Prices, he said, would need to increase in order to compete against the Canadian Wheat Board, which is currently offering much better values for export feed barley. Last week, the CWB increased its pool return outlooks (PROs) for feed barley marketed during the 2010-11 crop year to $209 per tonne, from $143 the previous month.
“At some point the feed market will need to get competitive against” the CWB export program,” said Beusekom.
The CWB announced last week it had already sold 200,000 tonnes of feed barley into the export market in recent weeks due to strong international demand. The CWB had been largely absent from the export market in recent years due to firmer domestic prices.

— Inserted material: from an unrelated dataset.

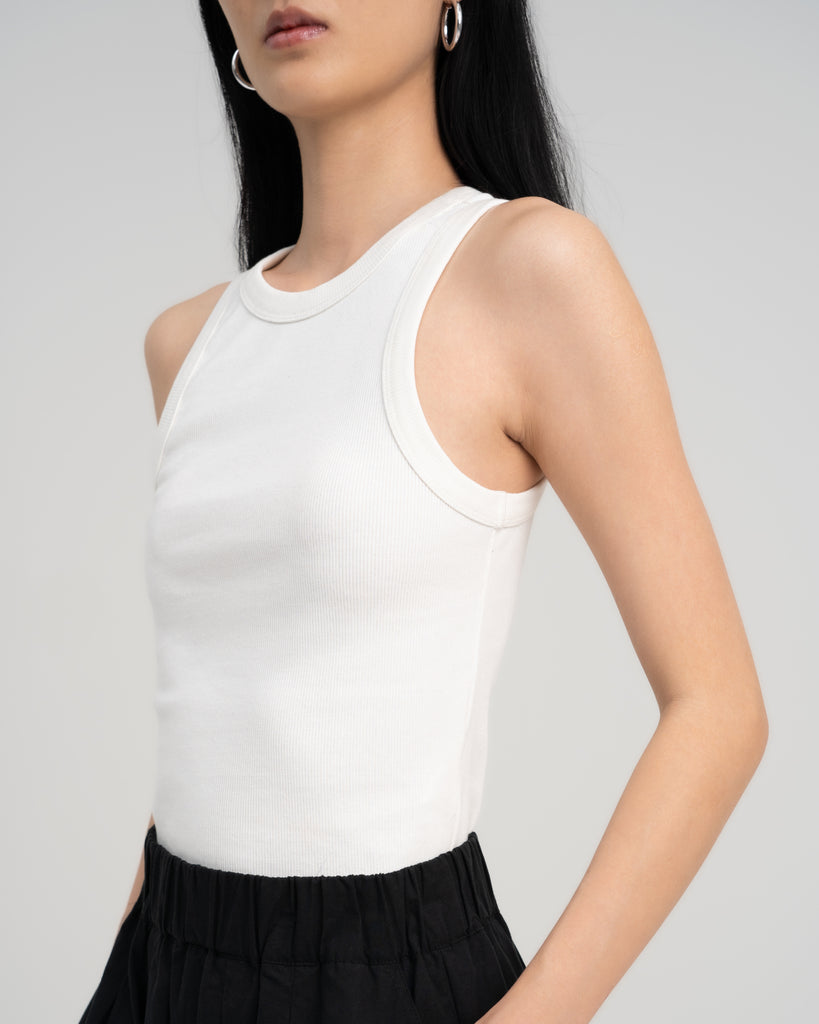 Women Cotton Ribbed Tank Top White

Beusekom said end-users are currently not willing to pay up to match the values offered by the export market, but they will need to do so at some time as barley is the main source of starch in cattle rations.
“No-brainer”
However, ample supplies of other feed ingredients will limit the upside in the domestic barley market. Beusekom said corn DDGs (dried distillers grains) from the U.S. are currently trading at a similar price to barley, so feedlots are maximizing their DDG usage at 25 per cent.
“Anytime corn DDGs trade at the same value as barley, it’s a no-brainer for feedlots to push it to the max they can,” he said, adding that feedlots will pay up to 25 per cent more for DDGs over barley.
Feed wheat and pulse crops with high dockage could also help keep prices down for the livestock feeders, but Beusekom noted quality and availability of those crops will still depend on the harvest.